Dejando de lado la posible confusión entre máquina e instrumento, ínsita en la cita borgeana (por lo demás, confusión largamente debatida en sedes muy lejanas a la literatura), ¿será posible hacer comprender que el libro es una máquina hecha de sellos que representan, visualmente (en los mejores casos), orbes ontológicamente virtuales (aunque no por eso irreales), como el triángulo o los hoyos negros? Si no fuera así, nuestro libro-dispositivo (al que nos acostumbraron los siglos XIX y XX) no sería apenas una máquina semiótica. Aprovechando la mirada quirúrgica de Julio Balderrama, podemos caracterizar a ese libro-dispositivo, en el sentido al que venimos atendiendo, como aparato lúdico, generador de efectos intelectivo-emotivos de sentido.
Con ser esto cierto, hay todavía que centrarse en la noción de lectura. En esta misma línea argumentativa, habrá que admitir que la primera prueba de que la lectura es algo más que un pasatiempo reside en el saber desmontar el libro de que se trate. Quien no sepa desmontar un libro-dispositivo durante las relecturas (cuando no se lee para matar el tiempo, no se lee; se relee), el lector se ha quedado en una lectura impresionista, involucionada.

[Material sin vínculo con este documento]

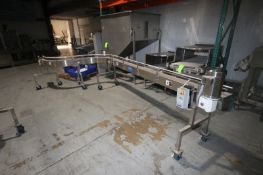 Laughlin S/S Section of Conveyor,with (2) Conveyor Turns, Overall Length: Aprox. 230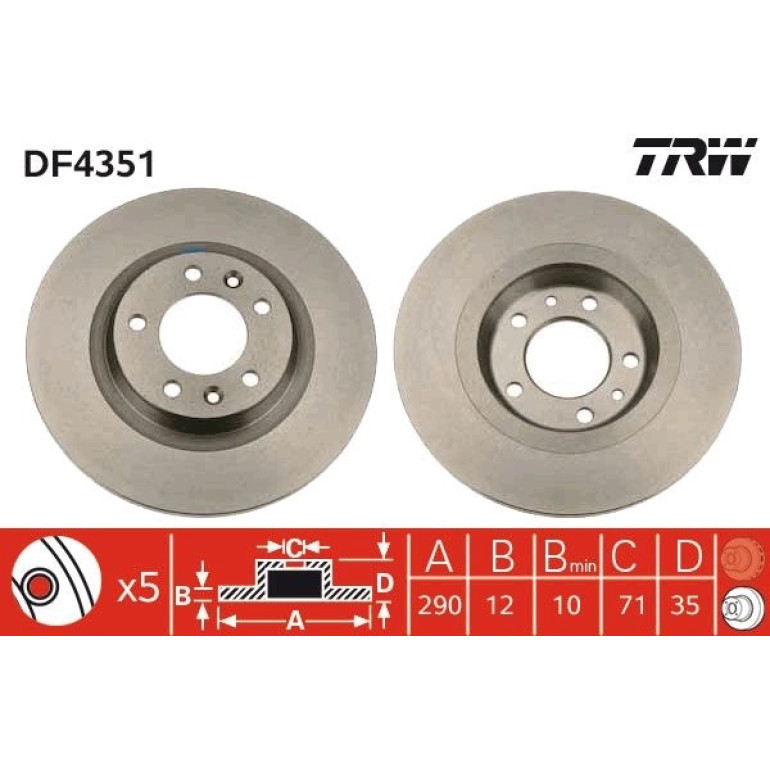 Bremsscheibe DF4351 Bremsscheibe DF4351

La segunda prueba, por su parte, es la posibilidad de captar cómo el redactor del impreso supo explotar las reglas ortotipográficas, utilizadas para graficar en el plano las frases idiomáticas que es necesario entonar para leer. En el mundo iberoamericano, da pena ajena que tantos graduados universitarios aún respiren la creencia semialfabetizada de que la ortotipografía es un adorno especializado de la lectoescritura. Sería auspicioso que se enteraran de que, desde el Renacimiento italiano, Aldo Manuzio mediante, la ortotipografía es el pilar alfabético fundamental de las lenguas eruditas o lenguas de cultura, acaso cúspide de la apercepción idiomática euroamericana.
Si vale la pena atender a la segunda prueba, es para degustar el valor íntegro de la ortotipografía normativa, que es una exigencia de la graficación en el plano, cuando la plana es un exactamente eso: un mapa de lo que no se espera ver. El improbable lector de estos renglones ha leído bien: la ortotipografía, en esa máquina que es el libro-dispositivo, sirve para ver paisajes que la mente lectora no esperaba ver porque son u-tópicos, inexistentes (aunque sí «sistentes»), inubicables. Pero, hay más. Sin la ortotipografía normativa, tal vez, la lectura no se hubiera transformado en un débil pasatiempo para el tedio, el que redobló la apuesta, aproximada- mente hace alrededor de veinte años. Desde entonces, los dispositivos digitales, luego de que alguien comprendiera su relación más que íntima con las drogas psicotrópicas, se han enseñoreado de la vigilia, haciendo creer que existe lo que está dibujado en el plano. En pocas palabras, un Pinocho de dos dimensiones.
Las pruebas sobre la lectura técnica de los libros-dispositivos que podrían seguir enumerándose, más enigmáticas aún para el siglo XXI, se acallan por mor de la brevedad.